Desde el Concejo Distrital se está poniendo sobre la mesa una realidad que los cartageneros viven a diario. Las tarifas del servicio de aseo siguen aumentando mientras el servicio no responde con la misma calidad ni eficiencia. En distintos sectores de la ciudad persisten fallas en la recolección, acumulación de residuos y deterioro del espacio público, lo que demuestra que el problema no es coyuntural sino estructural.
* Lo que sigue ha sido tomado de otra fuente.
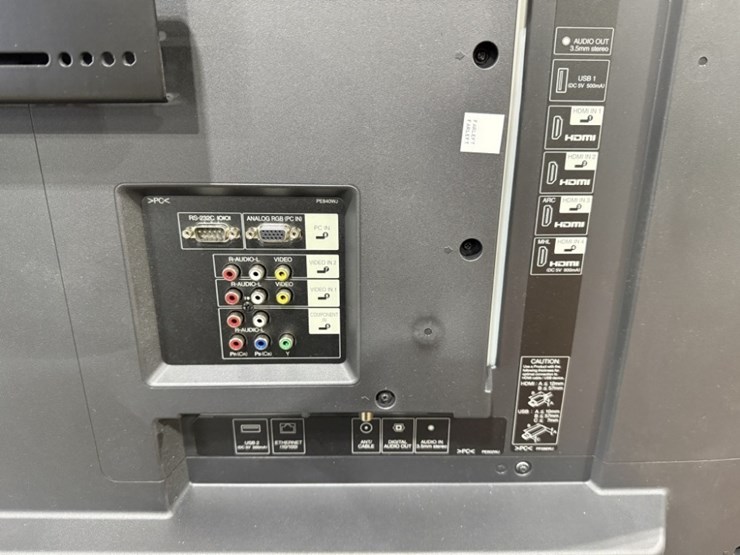 l-3-bus-driver-training-simulator-image-32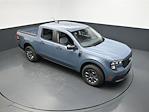2025 Ford Maverick SuperCrew Cab FWD Pickup for sale #SRB25432 - photo 39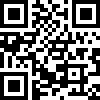https://khabaronline.ir/xfzpY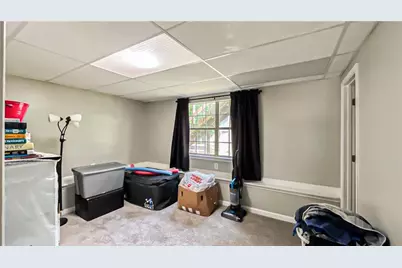 126 Millers Drive, Dallas, GA 30157 - Photo 24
El esquema tarifario del servicio de aseo que está dispuesto en la legislación colombiana establece que el usuario paga en función de los costos del servicio. En la práctica, esto significa que los costos de operación, incluidos los derivados de ineficiencias, terminan trasladándose directamente a la factura. En Cartagena, donde el servicio está en manos de Veolia y Pacaribe, esto se traduce en aumentos desproporcionados que afectan el bolsillo de los ciudadanos. Hoy se registran casos en los que hogares han pasado de pagar cerca de 37.000 pesos a más de 117.000 pesos mensuales, en una ciudad marcada por la desigualdad y la informalidad.
Desde esta curul en el Concejo impulsamos en 2024 el primer debate de control especial sobre la gestión de residuos sólidos en Cartagena, realizado el 17 de julio, en el que Veolia y Pacaribe respondieron por las fallas del servicio. En ese momento ya era evidente la magnitud del problema, con al menos 55 puntos críticos identificados en la ciudad según el PGIRS y múltiples incumplimientos en las rutas de recolección que afectan directamente la limpieza urbana.
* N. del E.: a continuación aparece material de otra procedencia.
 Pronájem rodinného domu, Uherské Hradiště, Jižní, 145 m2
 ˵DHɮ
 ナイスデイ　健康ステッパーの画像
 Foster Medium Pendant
Pero más allá de la denuncia, también hemos planteado soluciones. Presentamos un proyecto de acuerdo para adoptar el programa Basura Cero en Cartagena, entendiendo que la ciudad no puede seguir operando bajo un modelo limitado a recoger y enterrar basura. Hoy Cartagena genera más de 500 mil toneladas de residuos al año, con un crecimiento acelerado en los últimos años, y cada habitante produce en promedio 1,23 kg diarios, muy por encima de los promedios nacional e internacional. A pesar de eso, la tasa de reciclaje efectiva apenas supera el 1 por ciento, lo que evidencia un sistema completamente rezagado.
El problema de fondo es claro. Cartagena sigue atrapada en un modelo de gestión de residuos que no resuelve el problema, lo reproduce. Se recogen residuos, se trasladan y se entierran, pero no se reduce su generación ni se aprovechan de manera eficiente. Esto no solo incrementa los costos del sistema, sino que perpetúa la ineficiencia y termina afectando directamente a los ciudadanos.
Por eso hemos insistido en la necesidad de una transición hacia un modelo de Basura Cero, que priorice la reducción de residuos, la separación en la fuente, el reciclaje y la inclusión de los recicladores como actores clave del sistema. No se trata de una propuesta simbólica, sino de una alternativa real para mejorar el servicio, reducir costos a largo plazo y avanzar hacia una ciudad más limpia y sostenible.